UNITED STATES DISTRICT COURT SOUTHERN DISTRICT OF NEW YORK


October 25, 2007

DR. RICHARD G. GRANT, PLAINTIFF,
v.
TEACHER'S RETIREMENT SYSTEM OF THE CITY OF NEW YORK, NEW YORK CITY OFFICE OF THE ACTUARY, DEFENDANTS.

The opinion of the court was delivered by: Gerard E. Lynch, District Judge

OPINION AND ORDER

Dr. Richard G. Grant, a former teacher and assistant principal in the New York City ("NYC") public school system, brings this pro se action alleging violations of the Age Discrimination in Employment Act ("ADEA"), 29 U.S.C. §§ 621-634, and the Employee Retirement Income Security Act ("ERISA"), 29 U.S.C. § 1001 et seq., by the Teachers Retirement System of the City of New York ("TRS") and the New York City Office of the Actuary ("Actuary").*fn1 Plaintiff complains essentially of the failure of TRS to credit him with certain "bonus" time of service credit towards his pension.

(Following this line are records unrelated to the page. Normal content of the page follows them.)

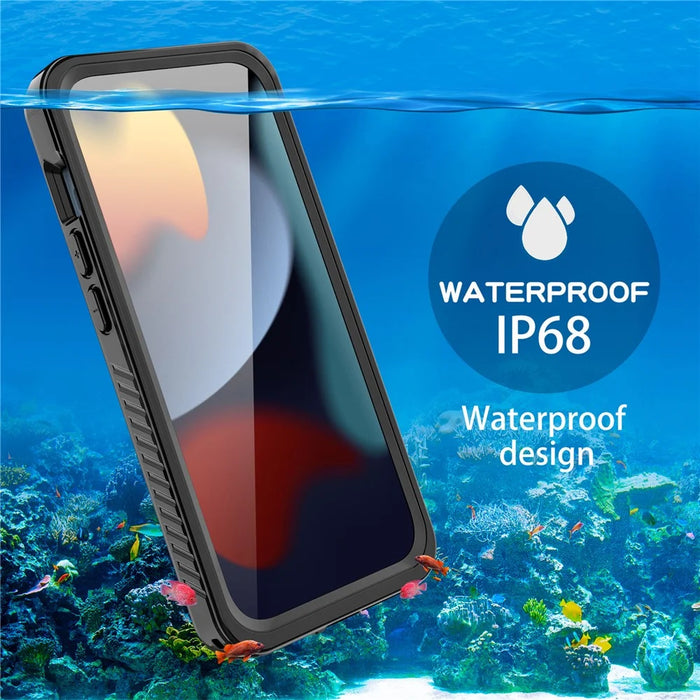 FS Series For iPhone 15 Pro IP68 Waterproof Drop-proof Phone Case Clear Back Diving Swimming Cover - 3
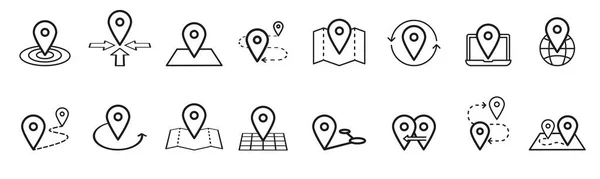 Kaart Pinnen Gerelateerde Pictogram Set Vectorsymbolen Een Witte Achtergrond Eenvoudige — Stockvector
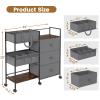 3-Tier Baby Diaper Caddy Organizer and Storage Cart, Baby Essentials with 2+2 Dividers and 3 Drawers, Large Capacity Rolling Cart for Nursery Storage, Diaper Caddy Cart for Crib, Bedroom, Bathroom view 2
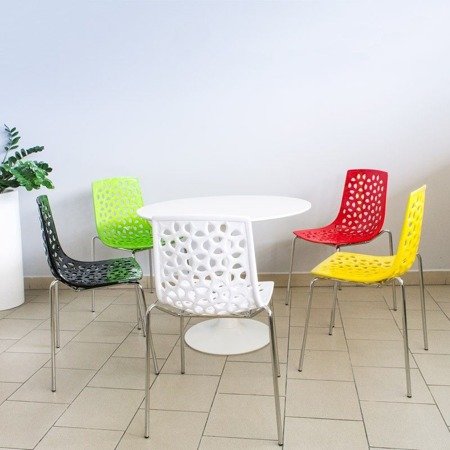 Krzesło nowoczesne stylowe do ogrodu na taras balkon czerwone 091 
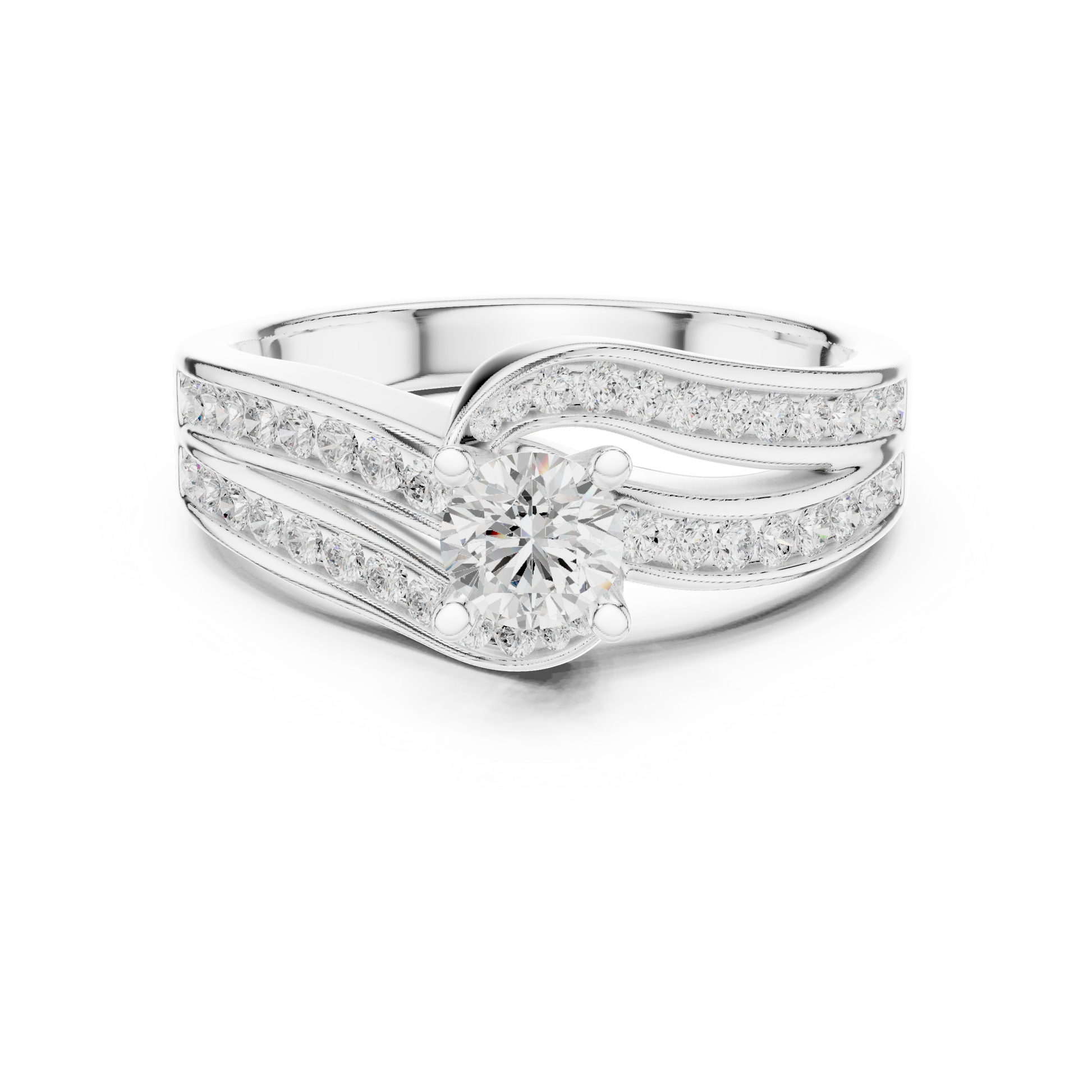 Round Side Stone Lab Grown Diamond Ring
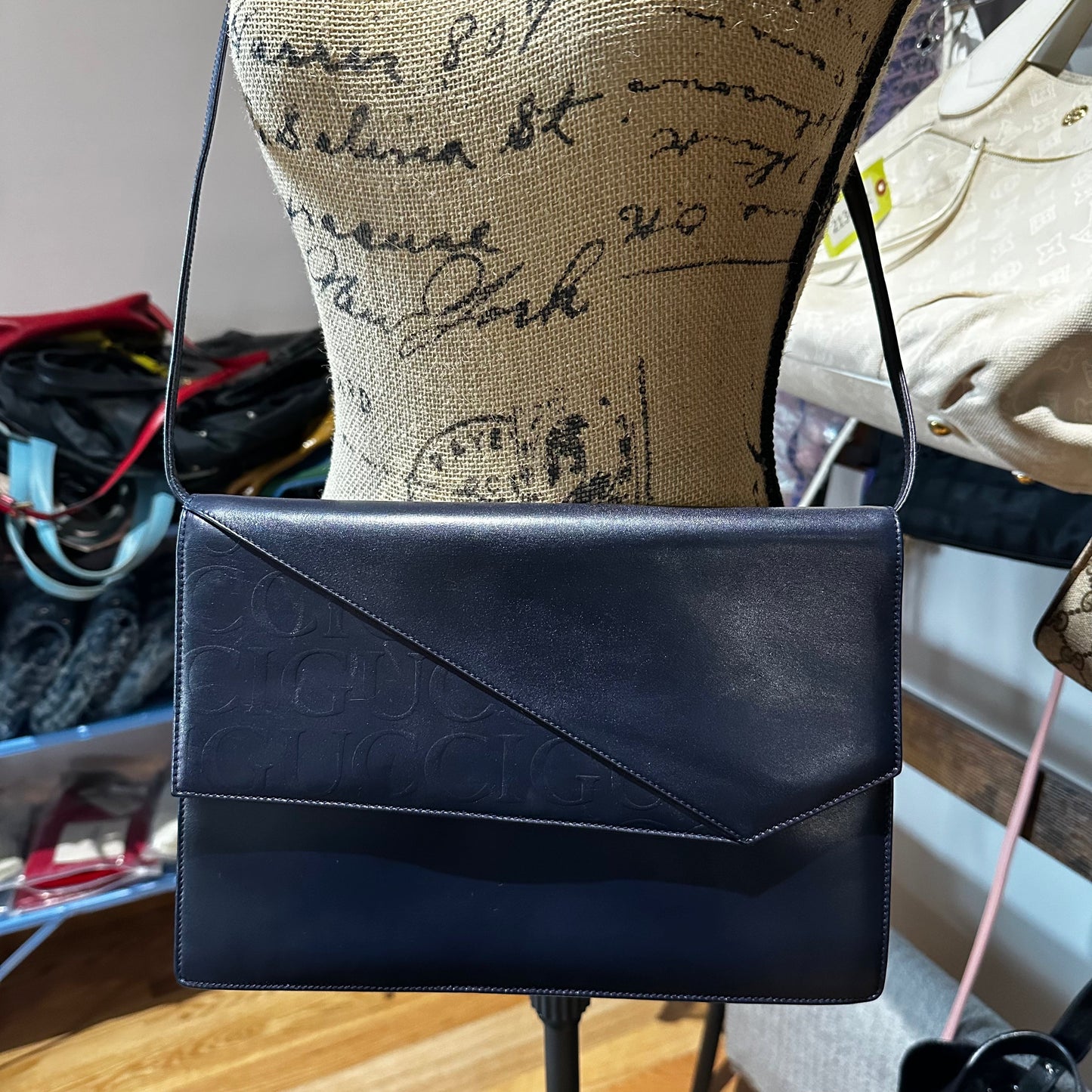 The Swan -Orvis bags Gucci GG Crossbody/Shoulder/Clutch Bag in Navy Leather
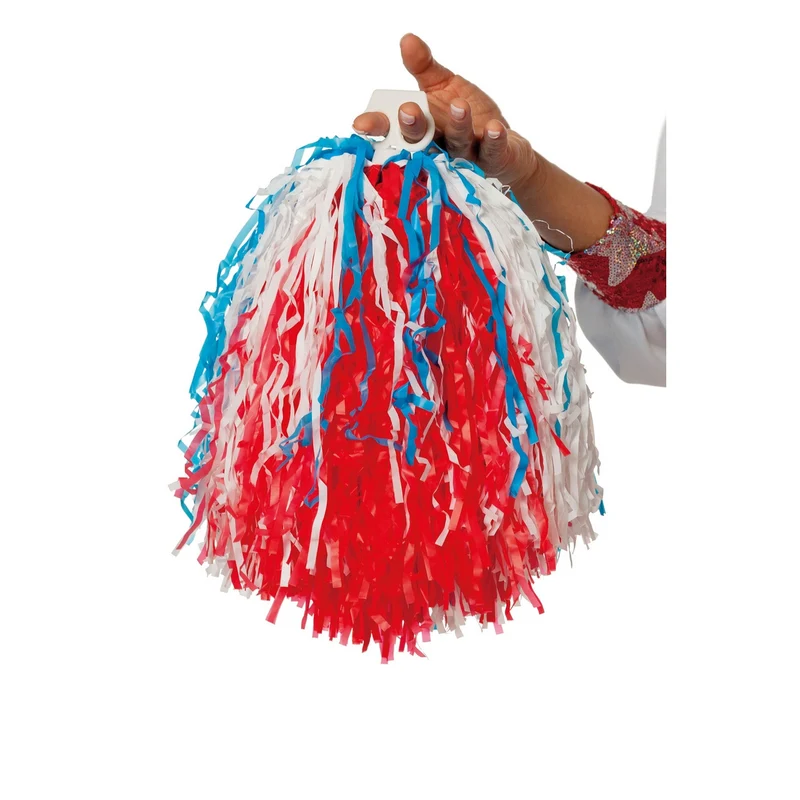 Cheerleader Pret Pompom Rood Wit Blauw 1 Stuk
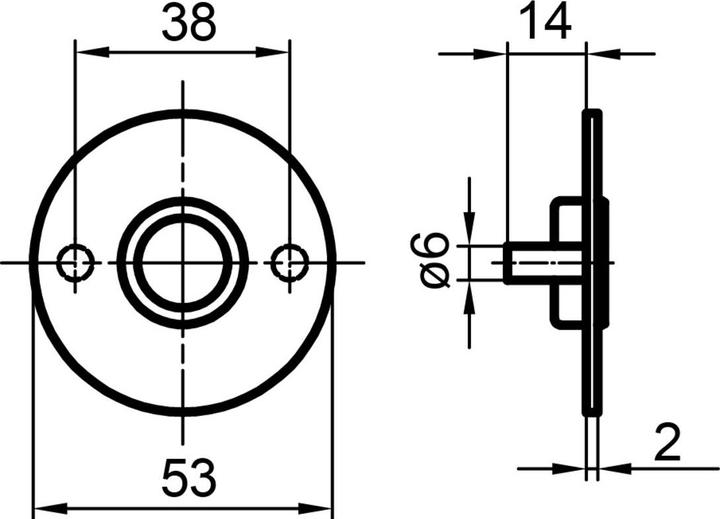 Produktbild Glutz Piatto Drückerrosetten glide 51017 aussen (Türrosette)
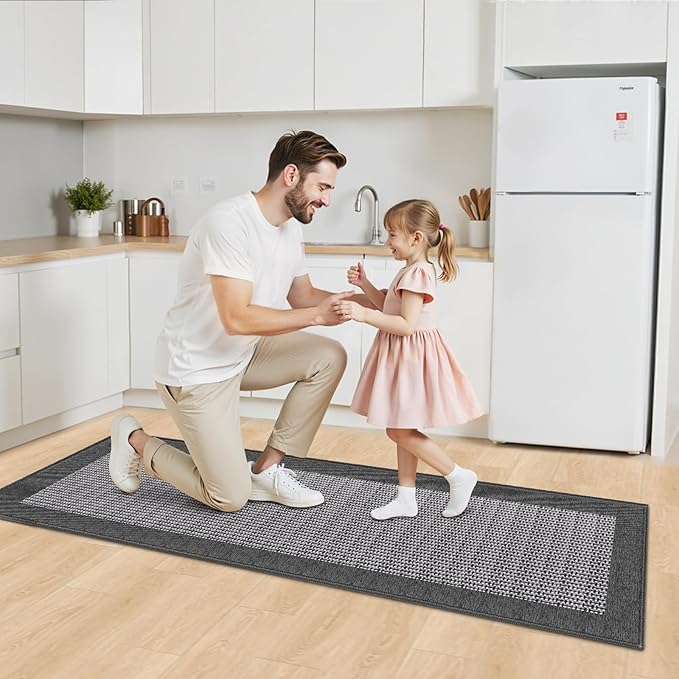 StepRite Kitchen Rugs, Kitchen Mats for Floor, 60"x20" Non-Slip Machine-Washable Kitchen Throw Rug, Absorbent Runner Rugs Office, Sink Standing Desk Mat, Decor Carpet, Grey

TRS moves to dismiss the complaint on the ground that plaintiff's allegations are time-barred and, in any event, fail to state a claim. The motion will be granted.

BACKGROUND

For purposes of this motion to dismiss, the Court must accept the allegations of the complaint as true and draw all reasonable inferences in favor of the non-moving party. See ATSI Commc'ns, Inc. v. Shaar Fund, Ltd., 493 F.3d 87, 98 (2d Cir. 2007). Moreover, because plaintiff is unrepresented by counsel, the Court must construe those allegations liberally. See Burgos v. Hopkins, 14 F.3d 787, 790 (2d Cir. 1994) (noting that when party proceeds pro se, court must "read [the pro se party's] supporting papers liberally, and . . . interpret them to raise the strongest arguments that they suggest"). The following account of the facts is drawn from the allegations of the complaint, which consists of a form complaint, a brief handwritten narrative from the plaintiff, and a number of attached documents, including the discrimination charge filed by plaintiff with the Equal Employment Opportunity Commission ("EEOC").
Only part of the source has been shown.